I learned a profound lesson about the spirit of Advent Anticipation in meeting Mark. I met Mark on a recent trip to the VA Medical Center in St. Cloud, MN. I went there to attend the care conference of a client under guardianship. I arrived with the "lowest common denominator" expectation of simply attending the care conference and then meeting with three other clients in residence there. I didn't anticipate or expect anything special or out of the ordinary. I had been down this road several times already and must say that I had a bit of "tunnel vision" in focusing solely on my reason for being there (rather than God's reason for my being there!) When I walked into the room where the conference was going to be, I encountered a diminutive, slightly older than middle-aged man sitting by himself. He had thick glasses on that made his eyes as big as coffee saucers and was quietly and contentedly sipping coffee. I wondered what he was doing in the room all by himself. I introduced myself and told him my reason for being in the room. At that he said that he should probably leave. I told him he could stay since the conference wouldn't begin for about ten minutes.

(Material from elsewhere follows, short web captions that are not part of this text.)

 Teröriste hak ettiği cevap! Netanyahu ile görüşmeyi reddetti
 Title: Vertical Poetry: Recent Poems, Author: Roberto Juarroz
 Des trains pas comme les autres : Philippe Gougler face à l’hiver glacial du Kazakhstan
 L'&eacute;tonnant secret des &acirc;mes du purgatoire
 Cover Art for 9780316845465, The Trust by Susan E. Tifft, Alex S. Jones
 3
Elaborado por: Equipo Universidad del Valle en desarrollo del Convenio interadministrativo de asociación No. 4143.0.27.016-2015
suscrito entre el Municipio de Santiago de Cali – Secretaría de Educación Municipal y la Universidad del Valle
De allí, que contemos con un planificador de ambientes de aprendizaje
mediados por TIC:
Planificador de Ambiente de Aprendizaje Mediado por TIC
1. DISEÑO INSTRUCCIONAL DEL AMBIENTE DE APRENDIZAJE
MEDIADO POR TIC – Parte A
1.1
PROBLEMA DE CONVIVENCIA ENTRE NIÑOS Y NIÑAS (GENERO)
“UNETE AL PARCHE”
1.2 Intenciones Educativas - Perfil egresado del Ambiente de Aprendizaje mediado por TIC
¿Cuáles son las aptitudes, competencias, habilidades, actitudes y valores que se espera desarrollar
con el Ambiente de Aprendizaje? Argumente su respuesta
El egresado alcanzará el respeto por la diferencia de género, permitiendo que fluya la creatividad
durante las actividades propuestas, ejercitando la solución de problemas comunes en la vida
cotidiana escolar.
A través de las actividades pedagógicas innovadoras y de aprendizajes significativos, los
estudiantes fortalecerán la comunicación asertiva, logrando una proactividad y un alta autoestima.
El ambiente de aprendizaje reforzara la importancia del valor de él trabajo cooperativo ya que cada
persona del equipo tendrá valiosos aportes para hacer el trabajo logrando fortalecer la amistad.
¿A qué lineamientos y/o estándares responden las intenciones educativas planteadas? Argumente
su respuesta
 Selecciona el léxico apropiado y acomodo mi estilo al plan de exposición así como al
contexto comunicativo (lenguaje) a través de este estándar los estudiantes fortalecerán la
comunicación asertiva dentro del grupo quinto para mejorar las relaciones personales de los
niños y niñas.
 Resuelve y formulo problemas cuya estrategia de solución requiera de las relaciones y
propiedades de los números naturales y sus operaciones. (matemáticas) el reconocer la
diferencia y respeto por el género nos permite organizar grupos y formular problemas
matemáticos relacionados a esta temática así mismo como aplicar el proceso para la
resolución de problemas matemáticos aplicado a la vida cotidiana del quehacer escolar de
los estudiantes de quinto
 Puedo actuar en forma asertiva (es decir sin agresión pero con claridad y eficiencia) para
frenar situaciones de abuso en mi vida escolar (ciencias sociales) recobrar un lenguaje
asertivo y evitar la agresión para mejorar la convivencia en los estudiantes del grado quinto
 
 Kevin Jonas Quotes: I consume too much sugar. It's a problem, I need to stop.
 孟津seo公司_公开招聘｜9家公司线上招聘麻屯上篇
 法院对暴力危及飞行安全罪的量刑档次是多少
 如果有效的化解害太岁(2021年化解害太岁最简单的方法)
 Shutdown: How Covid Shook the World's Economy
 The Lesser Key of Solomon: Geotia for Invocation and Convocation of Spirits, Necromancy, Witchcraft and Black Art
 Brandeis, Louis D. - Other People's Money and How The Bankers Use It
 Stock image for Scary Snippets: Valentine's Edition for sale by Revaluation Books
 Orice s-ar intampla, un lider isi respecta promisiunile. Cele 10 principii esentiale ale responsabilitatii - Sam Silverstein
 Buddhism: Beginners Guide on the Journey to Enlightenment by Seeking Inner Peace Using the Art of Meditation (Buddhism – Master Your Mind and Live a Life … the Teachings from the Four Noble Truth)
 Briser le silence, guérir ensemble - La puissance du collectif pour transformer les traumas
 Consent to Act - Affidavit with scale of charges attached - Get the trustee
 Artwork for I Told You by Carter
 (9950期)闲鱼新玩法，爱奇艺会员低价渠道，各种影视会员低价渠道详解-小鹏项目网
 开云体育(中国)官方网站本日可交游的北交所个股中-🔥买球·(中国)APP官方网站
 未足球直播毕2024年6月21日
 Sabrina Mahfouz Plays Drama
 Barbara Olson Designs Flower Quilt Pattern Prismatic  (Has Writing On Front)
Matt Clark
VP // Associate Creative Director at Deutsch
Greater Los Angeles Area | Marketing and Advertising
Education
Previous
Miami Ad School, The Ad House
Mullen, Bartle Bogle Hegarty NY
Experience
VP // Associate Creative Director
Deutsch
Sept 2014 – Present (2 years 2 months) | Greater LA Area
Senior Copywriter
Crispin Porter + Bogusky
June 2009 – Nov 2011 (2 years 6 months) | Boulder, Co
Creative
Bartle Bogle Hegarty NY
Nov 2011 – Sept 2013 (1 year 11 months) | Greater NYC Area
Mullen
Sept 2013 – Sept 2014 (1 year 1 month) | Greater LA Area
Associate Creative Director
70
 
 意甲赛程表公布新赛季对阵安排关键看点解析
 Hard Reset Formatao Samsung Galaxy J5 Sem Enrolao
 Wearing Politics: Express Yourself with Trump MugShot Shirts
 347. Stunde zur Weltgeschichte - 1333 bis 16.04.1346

At the invitation to stay we began to share a little bit about ourselves. I found out from him that, in addition to being a veteran, he had earned his PhD in history. He also had a number of children and a loving wife with whom he had recently spent the Thanksgiving holiday. After sharing my theological educational and vocational background, we began talking about faith. He surprised me by saying that it was his conviction that we didn't end up in the same room as a happenstance, but, rather, that God gave us this time, and this space, to share with one another in order to encounter the living God who delights in surprising us at a moment's notice. I found in Mark what Advent Anticipation is all about. Here was a man who was not at all alone in the early morning light of the conference room. Rather, he was there with the seed of God growing within him, being nurtured by his recent experience of Thanksgiving and his total life experience. Mark was kind enough to share that seed with me and to remind me of the divine seed that I hope is growing within me and that will grow within all of us this Advent Season.